Em jeito de desabafo, Prudêncio contou-me que, aos 58 anos, determinada instituição bancária o aliciou a constituir um complemento de reforma, com a promessa de que, quando se reformasse aos 65 anos, ficaria com uma pensão vitalícia atraente. Prudêncio aderiu à proposta do seu banco e chegada a idade de reforma solicitou para que lhe fosse estabelecida a sua pensão vitalícia. Esta foi-lhe calculada na base de expectativa de vida por mais 20 anos, pelo que o valor da pensão diluída no tempo previsível de vida seria insignificante, além do Prudêncio correr o risco de falecer antes dos 20 anos e o saldo da sua conta reverter para o fundo de pensão.

.Sentindo-se enganado, achou-se, no entanto, novamente motivado a investir as suas parcas poupanças em certificados de Aforro, por achar que as condições de subscrição na modalidade B lhe garantiriam uma remuneração decente, em virtude dos depósitos a prazo para reformados serem remunerados a uma taxa inferior à taxa da inflação. Qual não foi o seu espanto, como é do domínio público, que os C.T.T., por acção do governo, resolveu alterar as condições remuneratórias dos certificados com prejuízo para os aforradores que investiram de boa fé.

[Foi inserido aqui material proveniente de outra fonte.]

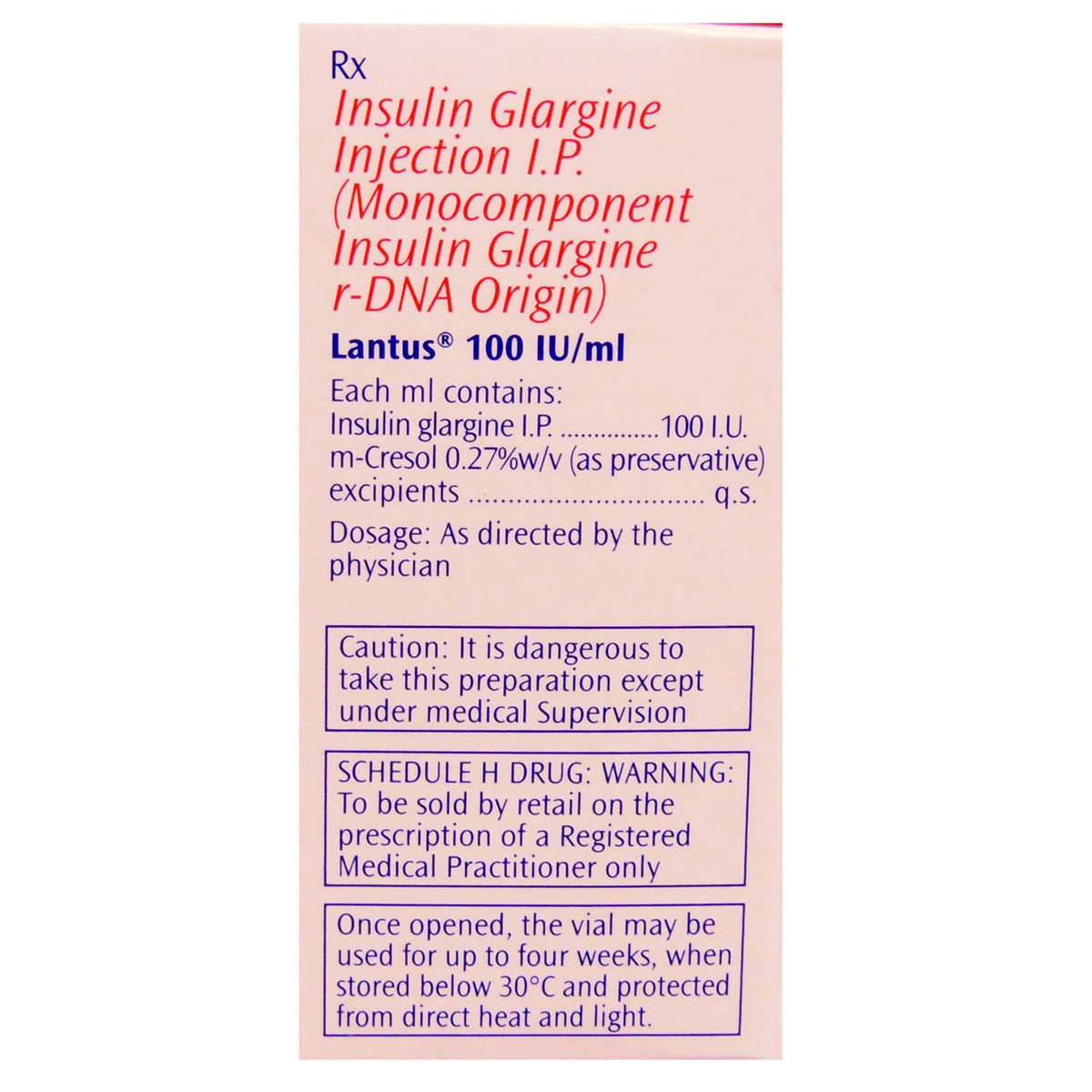 Lantus 100IU/ml Injection 10 ml, Pack of 1 Injection Lantus 100IU/ml Injection 10 ml, Pack of 1 Injection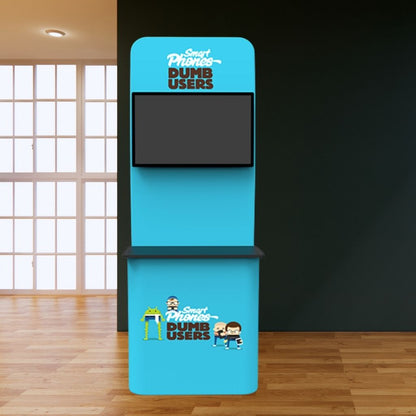 TV and counter display stand with custom printed fabric counter and 2.3m backwall with TV mount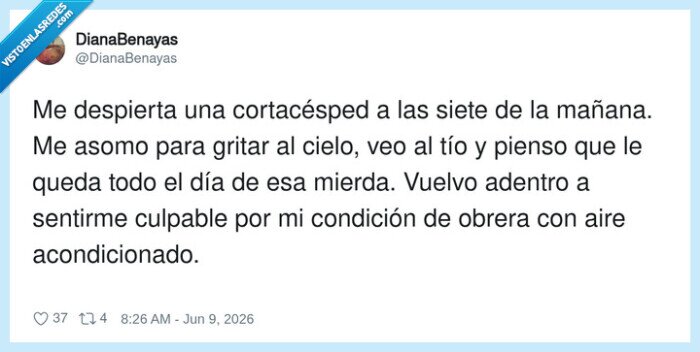 cortacesped,despertar,culpa,obrera,aireacondicionado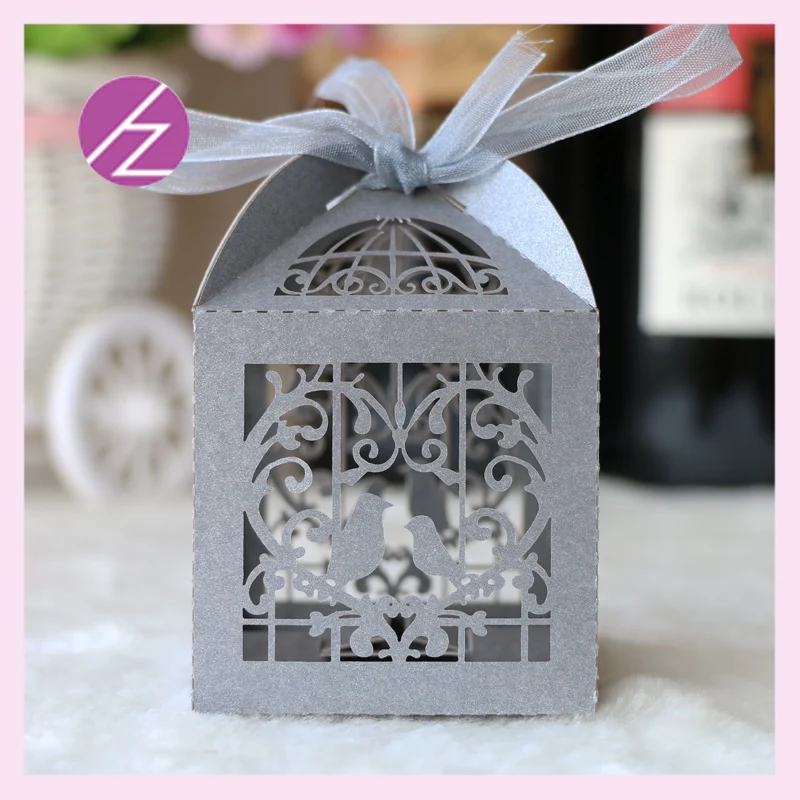 

100pcs/lot Laser Cut Exquisite Birds Patterns Candy Boxes Happy Eid Boxes Bridal Birthday Box With Ribbons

O mais decepcionante e chocante para Prudêncio foi deparar-se com a perversão das regras de jogo de ambas as opções, contrariando as cláusulas que inicialmente tinham sido estabelecidas nos respectivos contratos. Entretanto, o meu amigo Prudêncio desesperado e desorientado, resolveu jogar cegamente na Bolsa de Valores, aproveitando a queda dos valores das acções cotadas, na esperança de que, desta vez, venha a ter sorte com a valorização das acções a médio prazo e poder vir a receber também alguns dividendos, desde que estes sejam distribuídos, contrariamente ao procedimento de determinado banco que não o fez com justiça, iludindo os accionistas com a justificação da necessidade do reforço da Provisão de Créditos Incobráveis (para cobrir dívidas que o banco resolveu perdoar a clientes privilegiados).

A história aqui narrada é verdadeira - embora o nome do personagem seja imaginário -, e é igual à de tantos outros milhares de cidadãos que vêm as suas poupanças desprotegidas, com expectativas legítimas defraudadas por regras anti-sociais. A pergunta que se coloca é simples: então, em quem confiar?!!!